Qui pourrait lui coûter cher si jamais l’autorité de tutelle s’avisait d’effectuer aujourd’hui un contrôle de gestion, dans le cadre de l’assainissement de la gestion financière de la Chambre.

Aux dires de ses détracteurs, Mamadou Tiéni Konaté n’avait pas qualité pour exécuter les marchés dont il a parlé. Néanmoins, les « dividendes ou commissions » lui ont permis de quitter la location pour se construire enfin un logement.

Avec la complicité du ministre des finances de la transition, Tiéna Coulibaly, des marchés de gré à gré ont été approuvés avec prélèvement de commissions : achat de terrain à 180 millions (100 millions auraient servi de pots-de-vin) ; achat de trois véhicules 4X4 à Dubaï à 210 millions dont deux seulement ont été livrés (50 millions auraient été servis en dessous de la table), un groupe électrogène de Dubaï à 24 millions (13 millions auraient été empochés), des missions commerciales réservées à des proches, au Canada, en Inde, en Turquie, etc.

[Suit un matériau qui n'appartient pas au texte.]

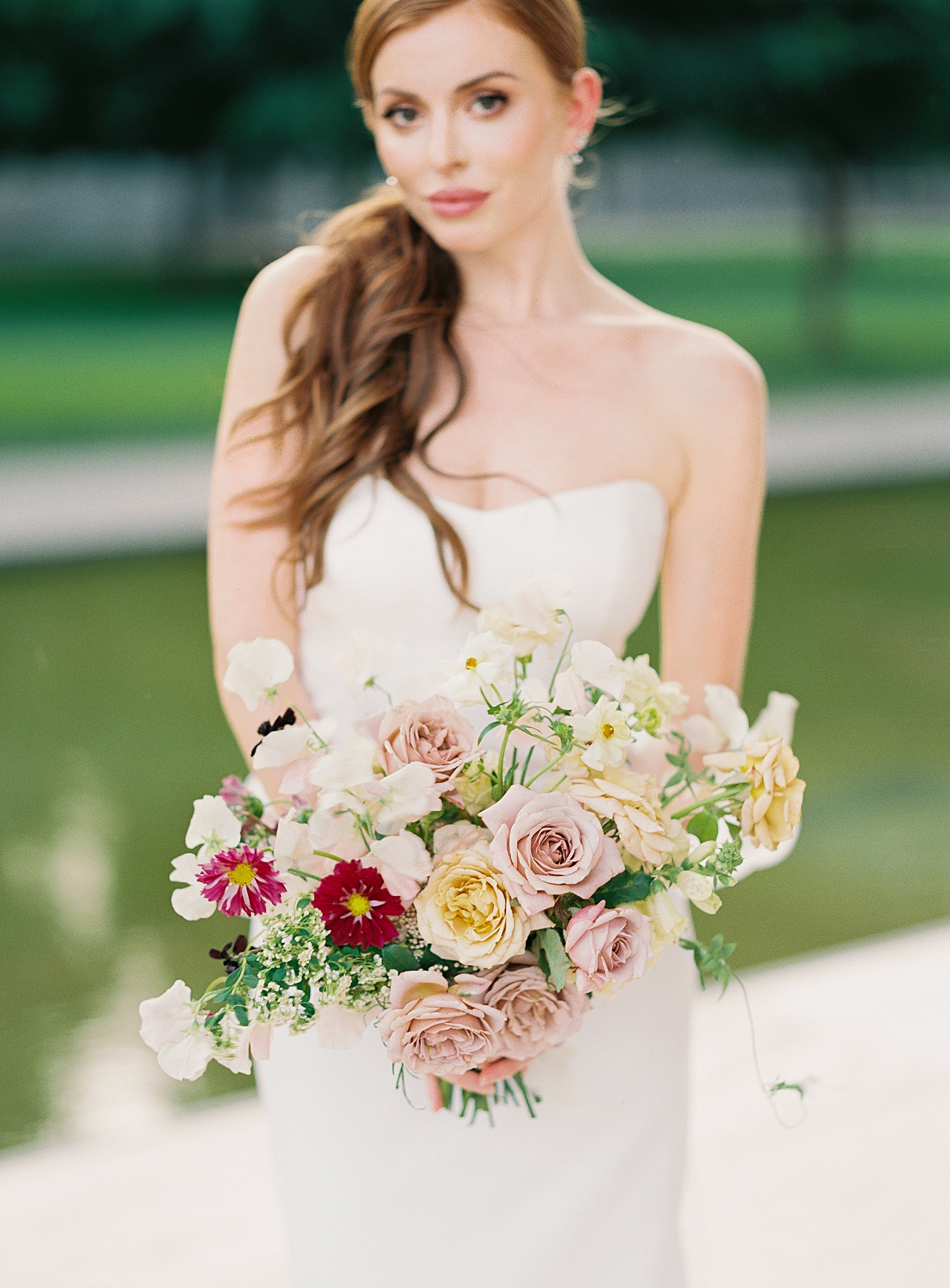 red headed girl in white wedding gown holding colorful bridal bouquet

Pour ceux qui ont le malheur d’être invités à ces voyages sans faire partie du cercle restreint, ils seraient régulièrement victimes d’escroquerie. Telle cette opératrice économique dont on a utilisé la carte de crédits pour payer certaines dépenses, y compris les frais d’hôtel.

Abdel Karim Konaté à la rescousse

Le président Konaté se serait également octroyé, à lui-même et à certains de ses protégés, sans l’aval de la tutelle, des avantages substantiels et des subventions considérables pour préparer la campagne des élections consulaires.

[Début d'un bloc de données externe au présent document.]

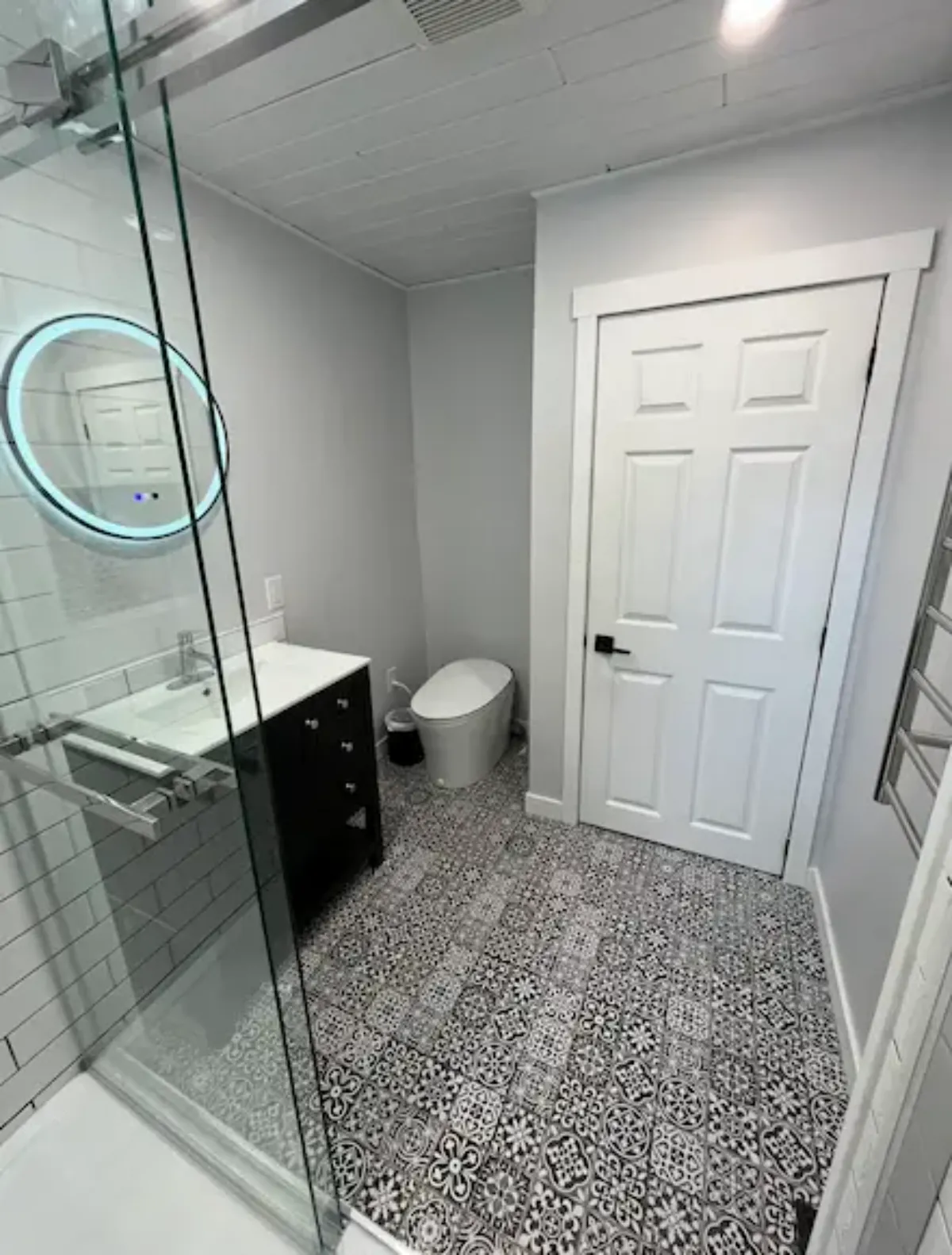 Modern bathroom renovation with LED mirror and glass shower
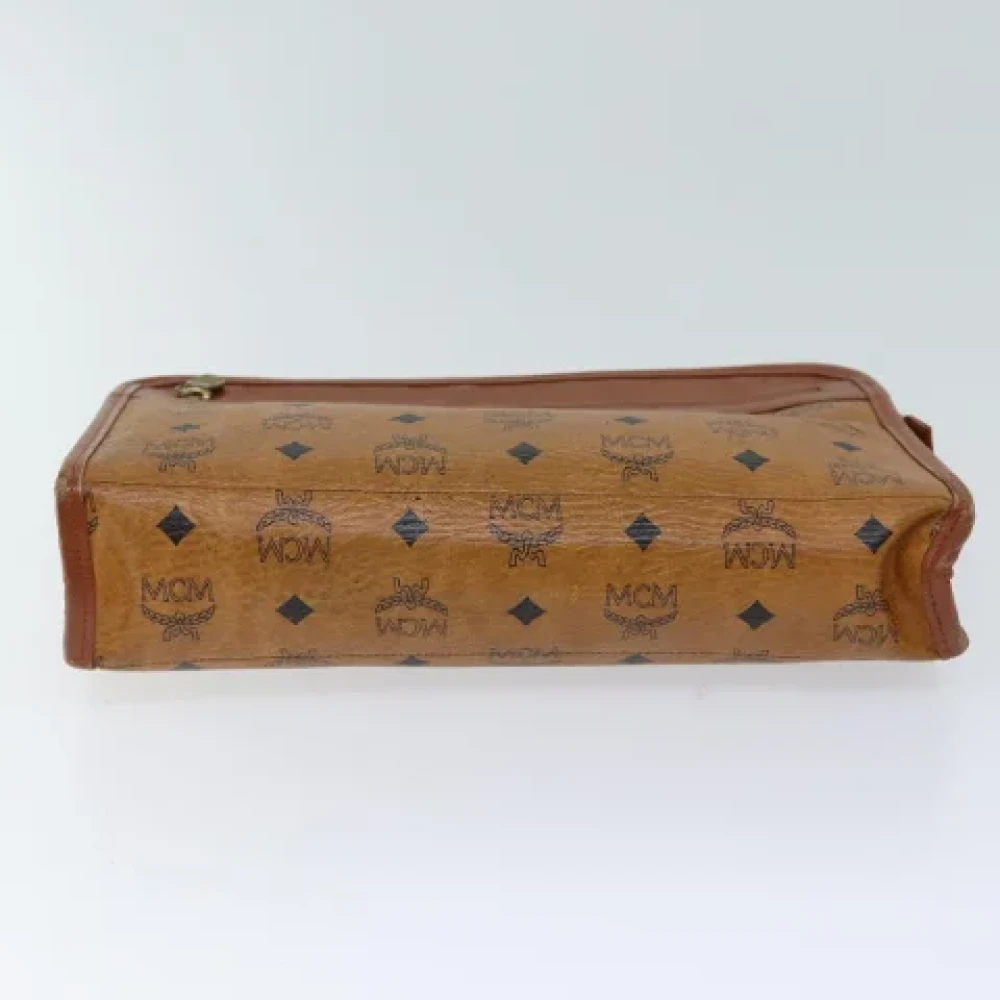 MCM Pre-owned Leather clutches Brown Dames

Tout cela se fait sous le regard timide d’un secrétaire général sans responsabilités, bien qu’il soit le représentant de l’Etat. En revanche, le poste de secrétaire général adjoint, un poste fictif créé de toutes pièces pour on ne sait pour quelle raison par Jeamille Bittar, un poste qui ne doit même pas figurer dans l’organigramme est occupé par un homme qui s’arroge tous les droits, devenant ainsi l’homme de main de la transition, décidant des mutations, des renvois, des sanctions, et même de la gestion du personnel.

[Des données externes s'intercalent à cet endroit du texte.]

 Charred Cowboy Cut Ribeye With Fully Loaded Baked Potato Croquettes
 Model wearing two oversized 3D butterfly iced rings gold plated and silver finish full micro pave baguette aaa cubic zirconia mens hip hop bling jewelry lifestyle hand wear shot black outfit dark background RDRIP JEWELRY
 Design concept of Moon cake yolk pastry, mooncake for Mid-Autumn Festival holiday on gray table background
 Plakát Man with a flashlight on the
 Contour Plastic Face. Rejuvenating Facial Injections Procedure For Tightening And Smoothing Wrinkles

La transition aurait atteint le comble quand le deuxième vice-président, Youssouf Bathily, aurait créé et mené une mission commerciale sur la Tunisie aux seules fins de se soigner sur le compte de la Ccim.

C’est tout cela que Mamadou Tiéni Konaté appelle le bilan rose d’une année bien remplie, et que d’autres, par euphémisme, préfèrent parler d’année rose et de poches bien remplies pour certains membres du bureau.

Alors monsieur le ministre du commerce, vous qu’on dit homme de rigueur et de principe, il est temps de justifier votre réputation en mettant fin à cette gabegie, en vous attelant personnellement à ce que la transition n’a pas pu ou voulu faire : réconcilier le secteur privé avec lui-même afin d’aller à des élections consulaires apaisées et transparentes, gage de stabilité et de responsabilité dans un monde des affaires en débandade.